WORK INSTRUCTIONS
In the entries below, find the line with "Rako Hananoi Hotel, Suwa, Japan" and the line with "Converse women's sports"; reproduce those two lines and all lines between them exactly, without pictures.

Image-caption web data
◇ ◇ ◇ ◇ ◇
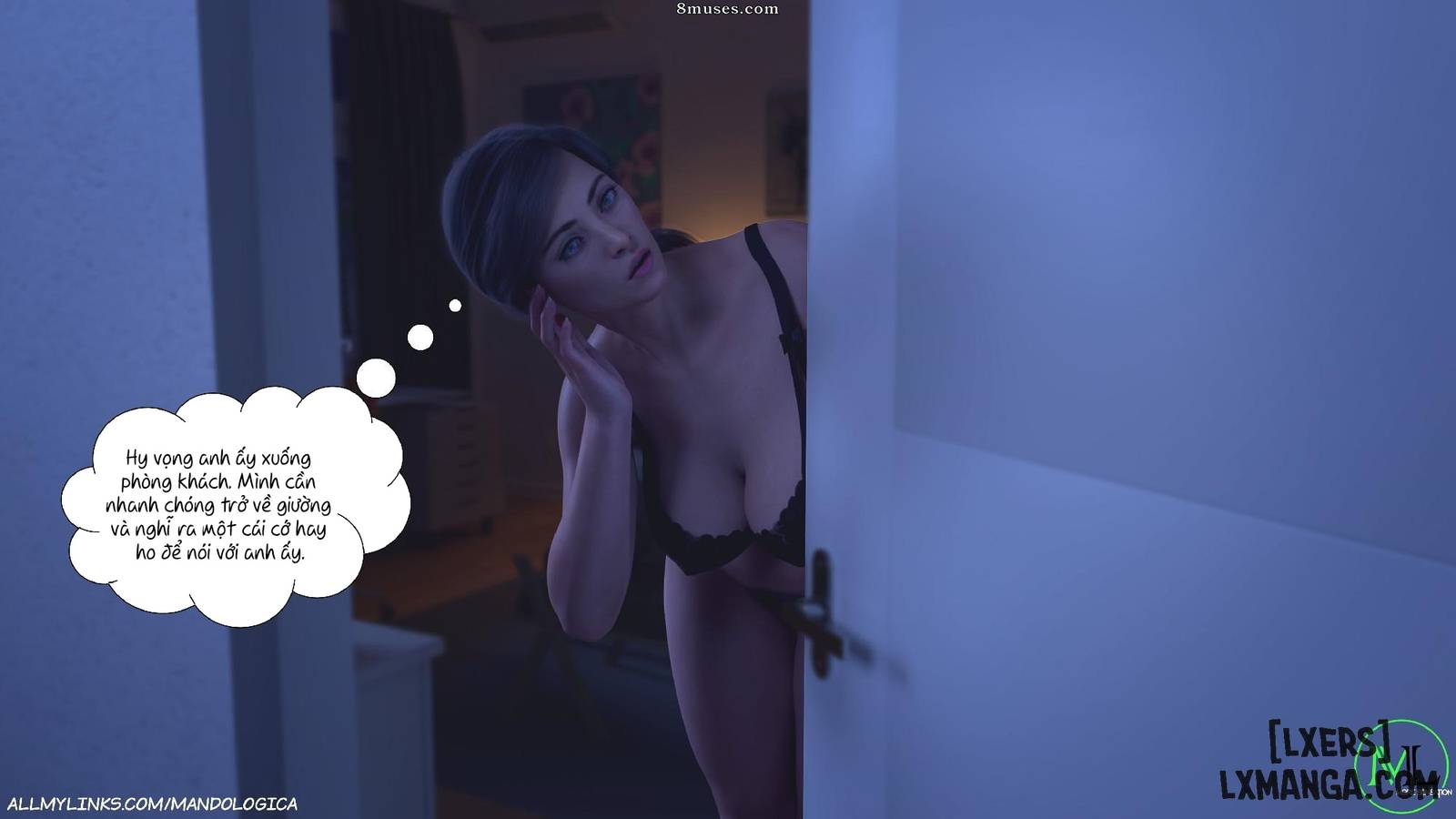 HentaiVN.net - Ảnh 55 - Phá vỡ ranh giới chap 5 - Chap 2.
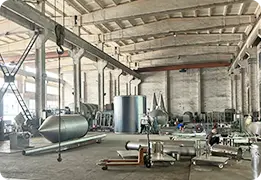powder-blender-manufacturer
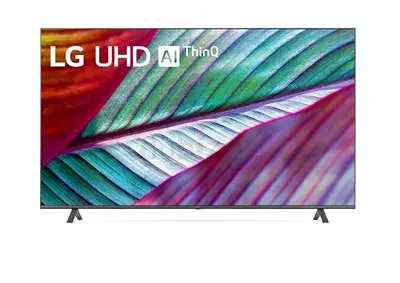 LG 50 inch Smart TV - 4K, 50UR78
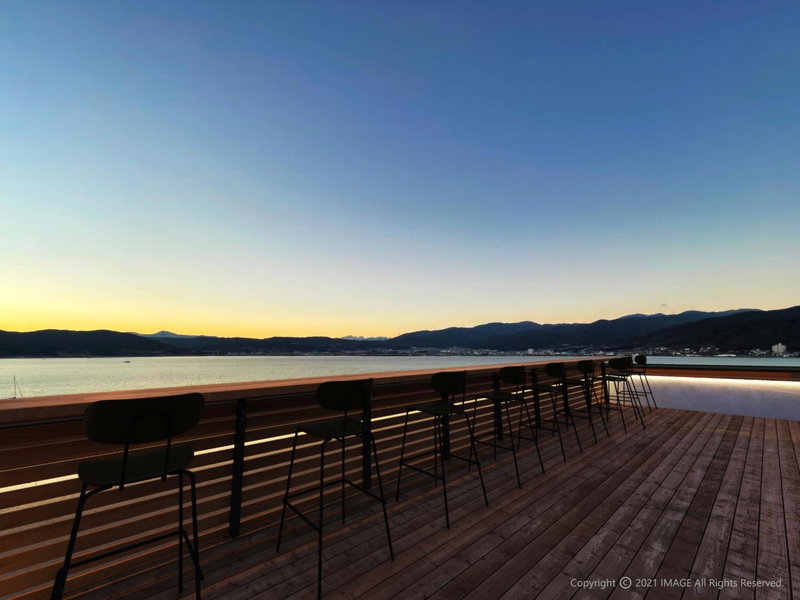 Rako Hananoi Hotel, Suwa, Japan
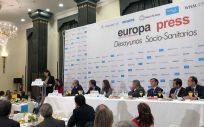 El abordaje de la pseudociencia en la Comunidad Valenciana ha sido otro de los temas abordados durante los desayunos socio sanitarios de Europa Press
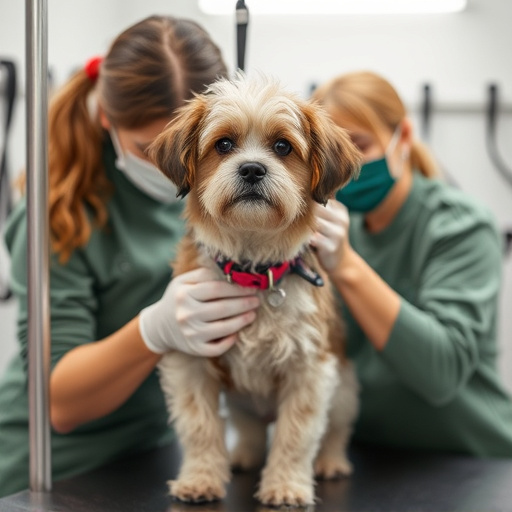 dog groomers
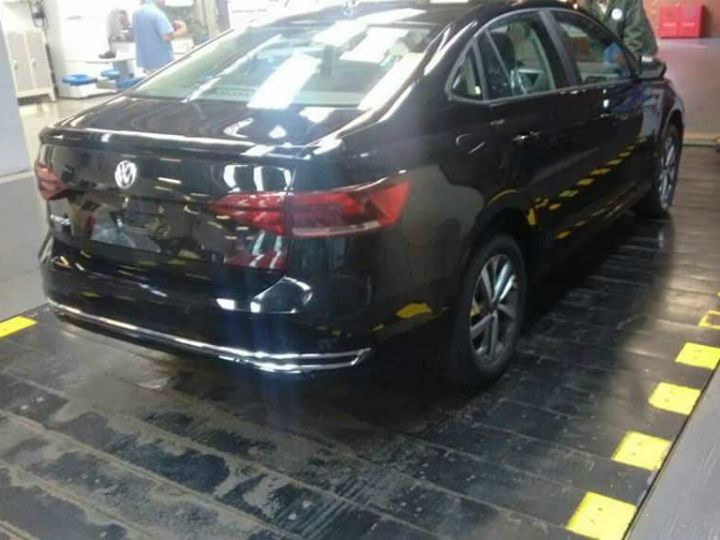 Volkswagen Virtus (Vento) Volkswagen Virtus (Vento)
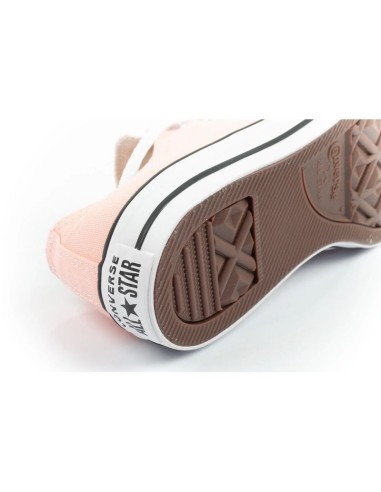 Converse women's sports shoes Chuck Taylor All Star sneakers pink fashionable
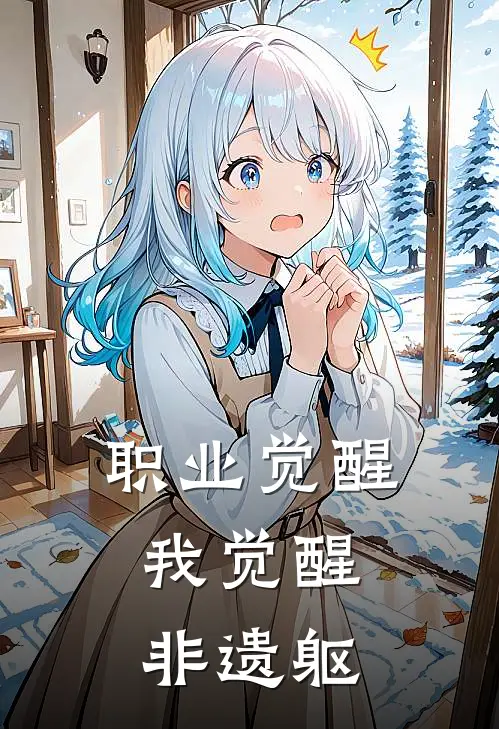 职业觉醒，我觉醒非遗躯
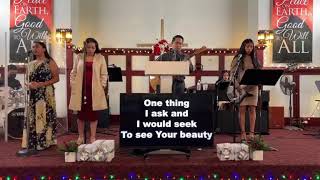 FDCC NEW YEAR SERVICE JANUARY 1 2023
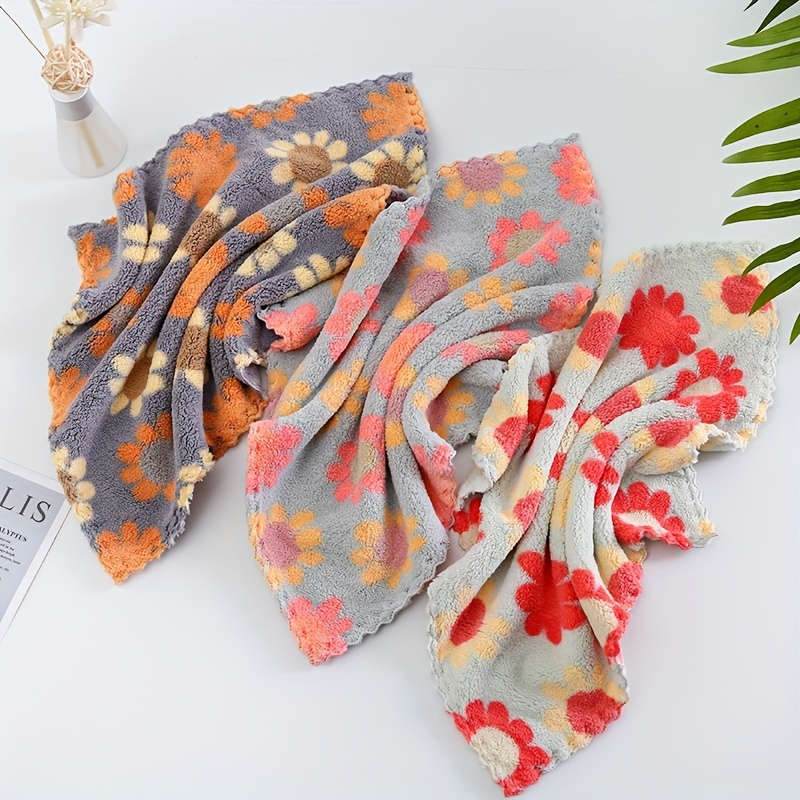 Towel Color Random Color Quantity5Pcs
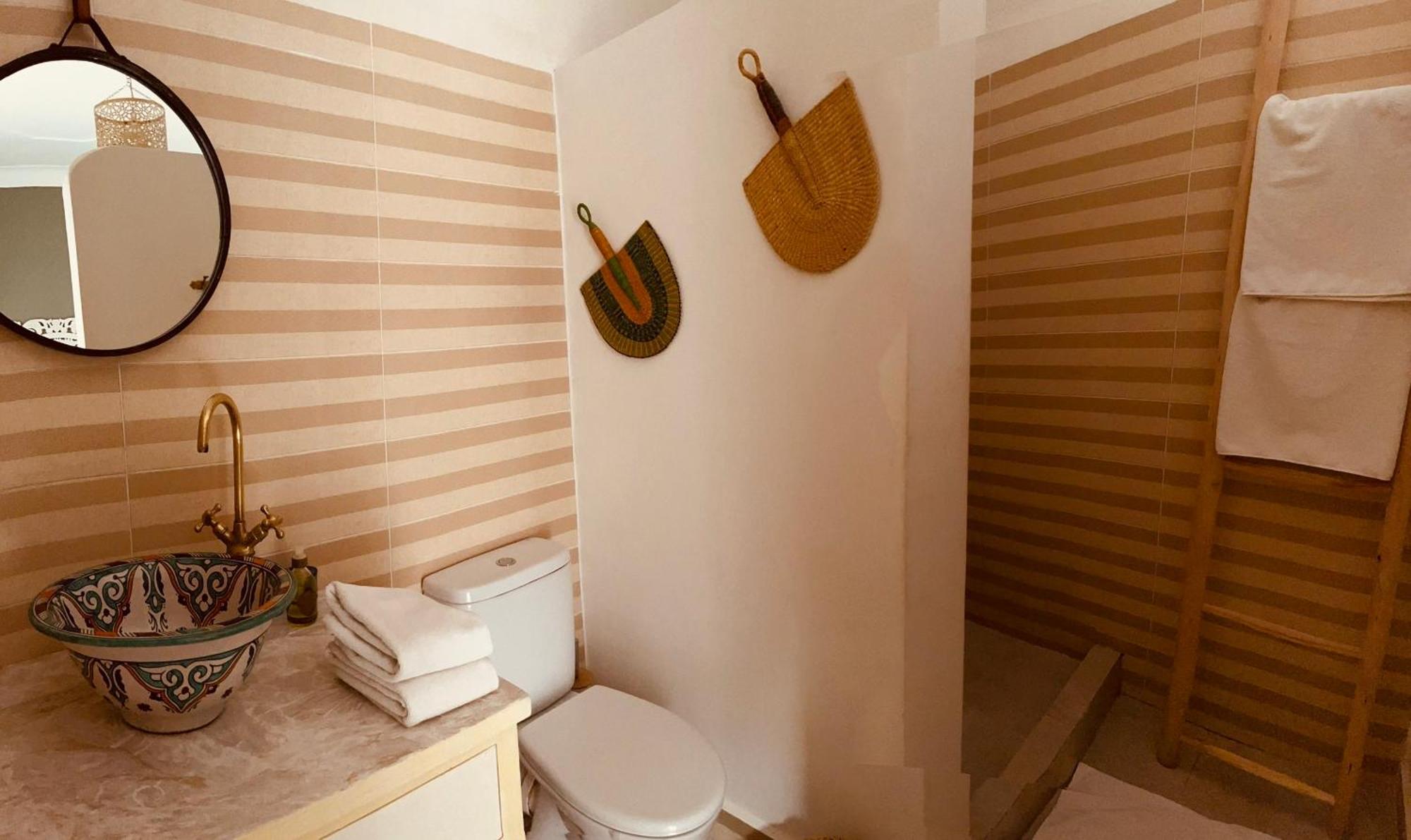 Riad Julilu Privatise Marrakesh Exterior photo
◇ ◇ ◇ ◇ ◇
SOLUTION TO THIS TASK
 Rako Hananoi Hotel, Suwa, Japan
 El abordaje de la pseudociencia en la Comunidad Valenciana ha sido otro de los temas abordados durante los desayunos socio sanitarios de Europa Press
 dog groomers
 Volkswagen Virtus (Vento) Volkswagen Virtus (Vento)
 Converse women's sports shoes Chuck Taylor All Star sneakers pink fashionable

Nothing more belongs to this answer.